For its part, the city is enabling programmers to manipulate public information. Thanks to the availability of MBTA GPS coordinates, riders can now track most trains and buses with the Catch the T iPhone app, while with Citizens Connect 2.0, iPhone and Android users can report things like late trash removal directly from their handheld devices. And Dan Zarrella, a local social-media and marketing wiz who guides the Citizens' Committee on Boston's Future on tech issues, plans to help launch a contest for developers to power practical mobile apps with city info. "The possibilities are endless," says Zarrella.
Government and politics
Even in the future, everything will still hedge on politics. It's anyone's guess where power will shift if and when the juice leaves Menino's Hyde Park. But the City Hall insider consensus is that South Boston, with its stream of incoming yuppies, will grow more liberal, as will Jamaica Plain, if that's even possible. West Roxbury, it's assumed, will only move to the left so far as new young homeowners nudge it.

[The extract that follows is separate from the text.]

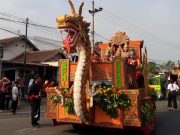 Pawai Lintas Sejarah SMKN 1 Jenangan Terjunkan Prajurit & Mobil Berdekorasi Naga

With that said, the overall face of Boston isn't changing much in terms of demographics; the US Census bureau recently reported that the Latino population, which had grown by more than 40 percent between 1990 and 2000, had since leveled off. Meanwhile, the significant Carribean community was in slow decline — at least before the Haitian quake. Still, politics is a numbers game, and participation trumps sheer population every time.
"There's a new power rising in East Boston," according to political consultant Jim Spencer, president of The Campaign Network. "There was a time in history when it was a huge Italian voting power, and Eastie now has the density to become a Latino voting power. It's only a matter of time — you can quote me on that one. In fact, there's only one thing that I'm not willing to predict, and that's how many more times the mayor might run for office."